(Information shown begins)

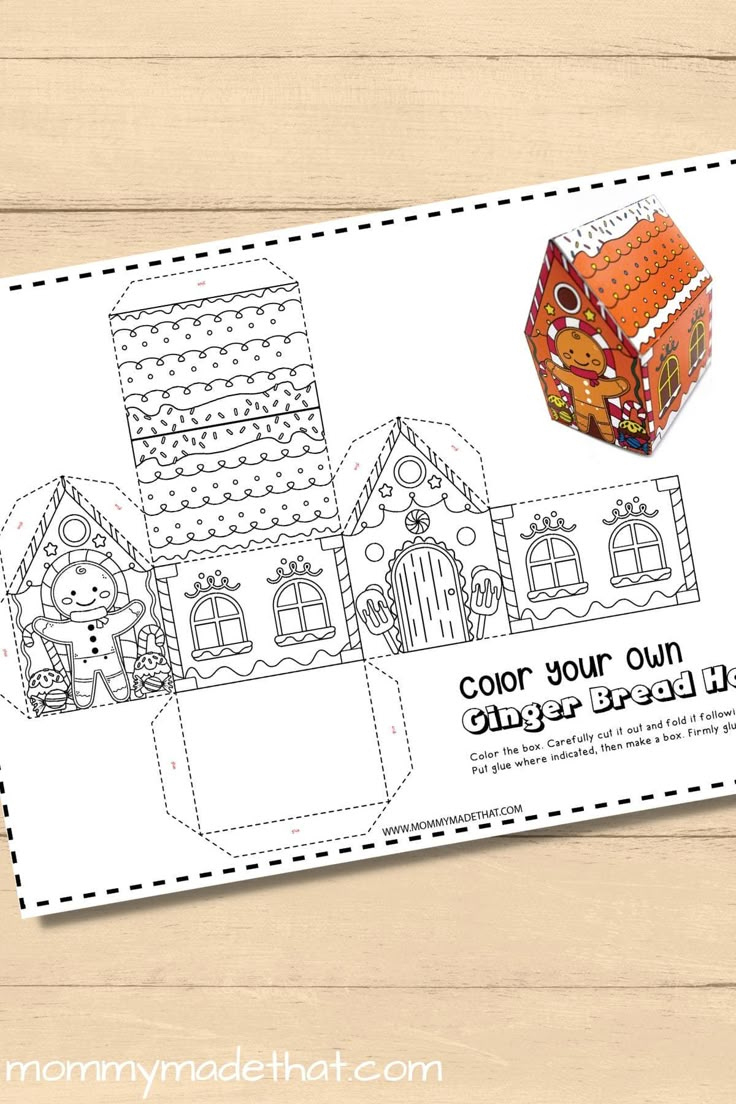 Gingerbread House Coloring Page (Build Your Own 3D House) inside Gingerbread House Foldable Template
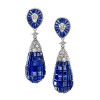 50ctw Invisible Set Blue Sapphire Art-deco Drop Earrings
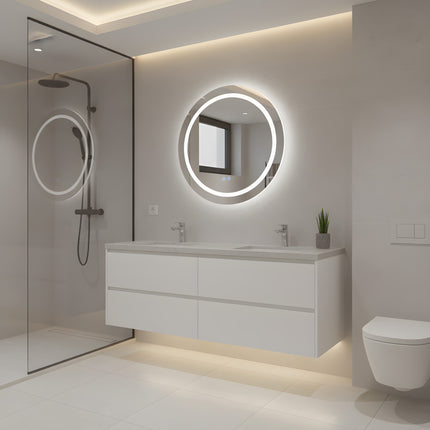 Oglindă baie LED rotundă H-2011 cu 3 nuanțe de lumină, funcție anti-aburire și touch control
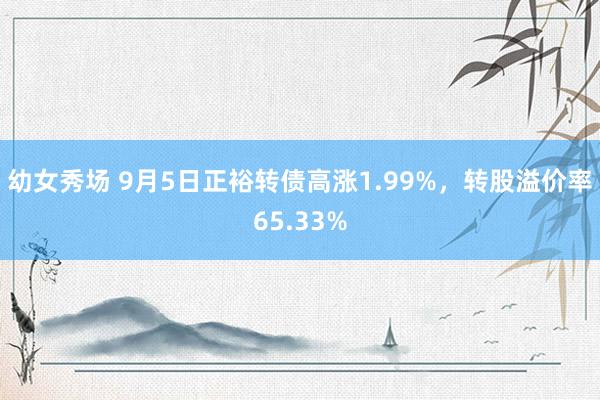 幼女秀场 9月5日正裕转债高涨1.99%，转股溢价率65.33%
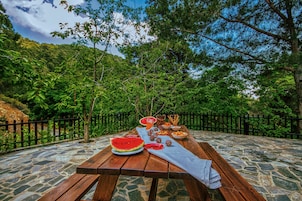 Una mesa de picnic sobre un área empedrada de piedra, con un banco de madera, rodeada de vegetación exuberante y una cerca de metal.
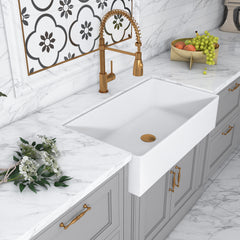 Altair Kosula Glossy White Ceramic Rectangular 36" L x 19.8" W Farmhouse Sink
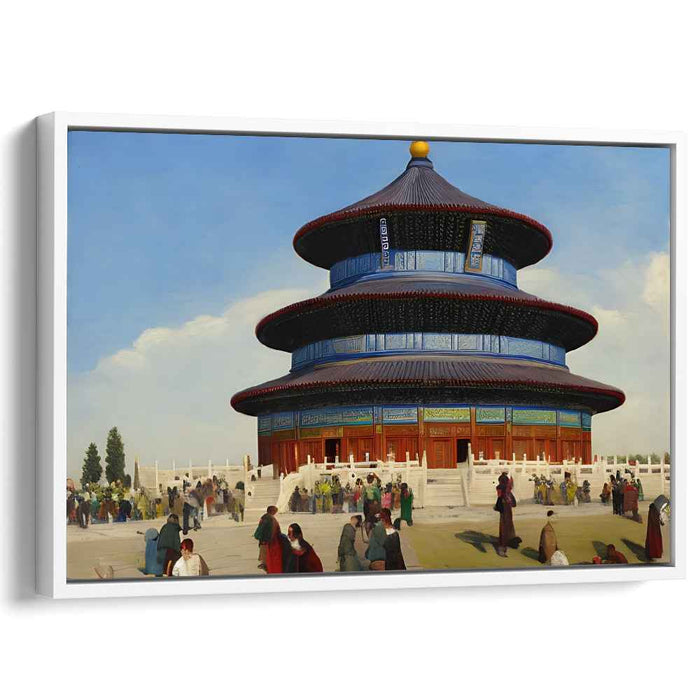 Dragon Dance Festivities: Traditional Chinese Temple Scene with Lively Cultural Gathering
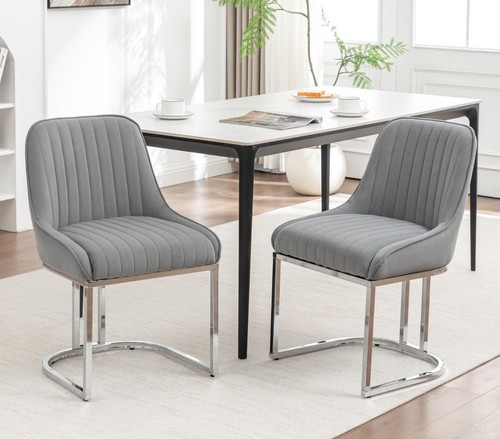 Grey velvet dining - 6,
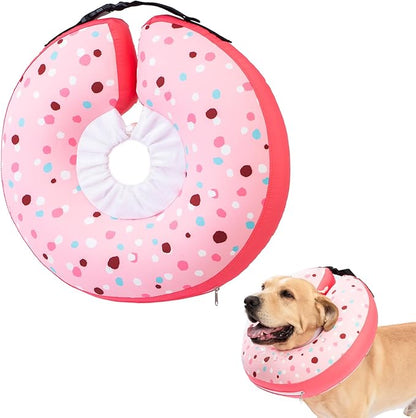 Dog Cone Collar Inflatable Donut for Large Medium Small Dogs, Soft Waterproof Dog Cone Alternative After Surgery Prevents Licking Wounds Easy Clean (Pink, XL (Neck 18"-23"))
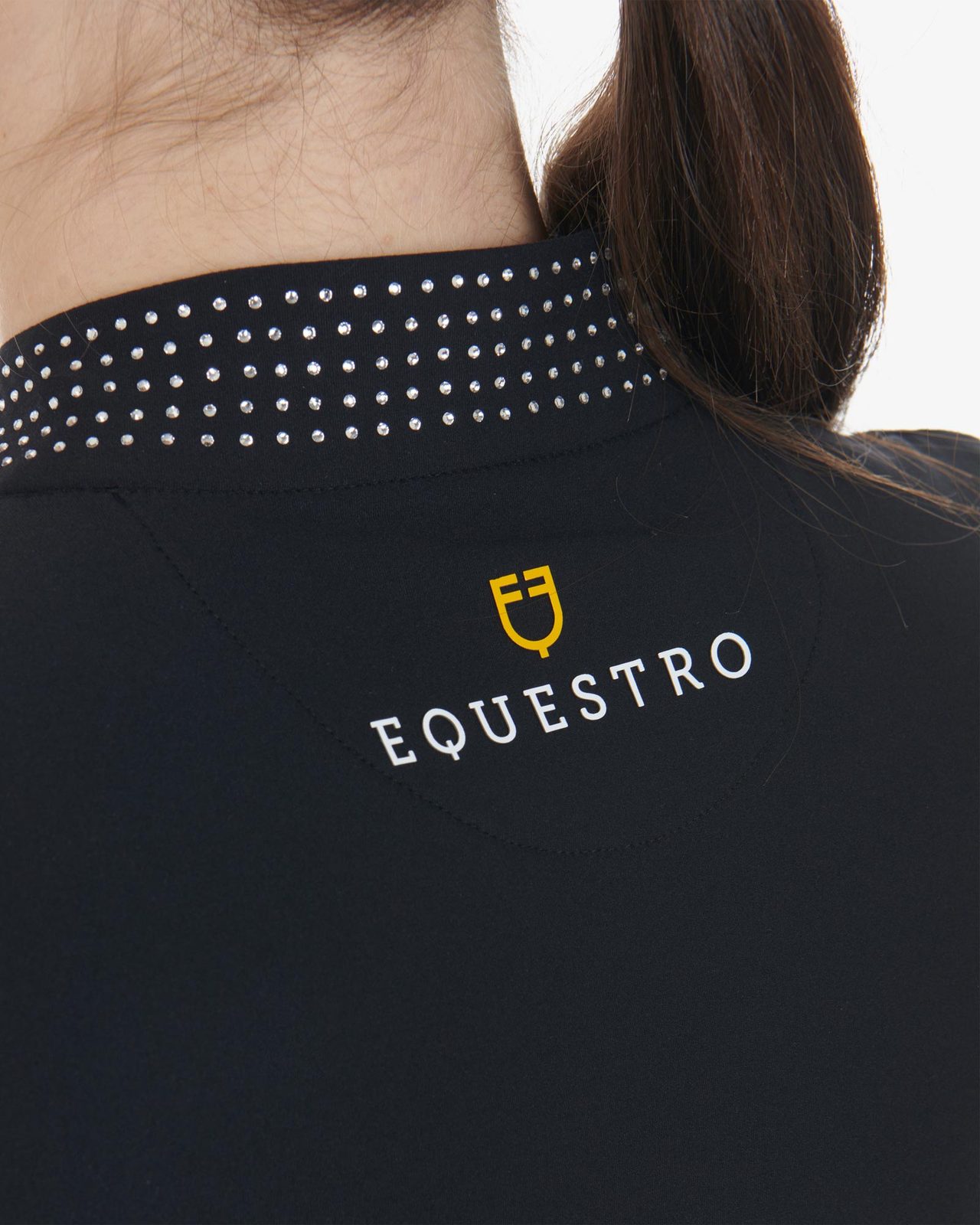 Polo tecnica donna da allenamento con strass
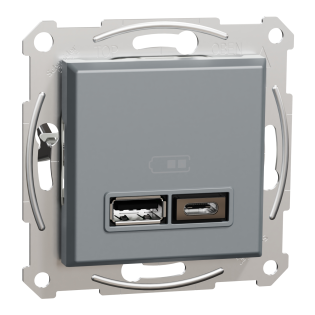 Schneider Electric EPH2700362, Asfora Plus, Çelik, USB Prizi, 2.4 Amper, İkili, Type A ve C, Çerçeveli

(Information shown ends)

* **What is expected**:
Output only the stretch above from the line with "幼女秀场 9月5日正裕转债高涨1.99%，转股溢价率65.33%" through the line with "Altair Kosula Glossy", reproduced exactly. Exclude pictures.

* **Task output**:
 幼女秀场 9月5日正裕转债高涨1.99%，转股溢价率65.33%
 Una mesa de picnic sobre un área empedrada de piedra, con un banco de madera, rodeada de vegetación exuberante y una cerca de metal.
 Altair Kosula Glossy White Ceramic Rectangular 36" L x 19.8" W Farmhouse Sink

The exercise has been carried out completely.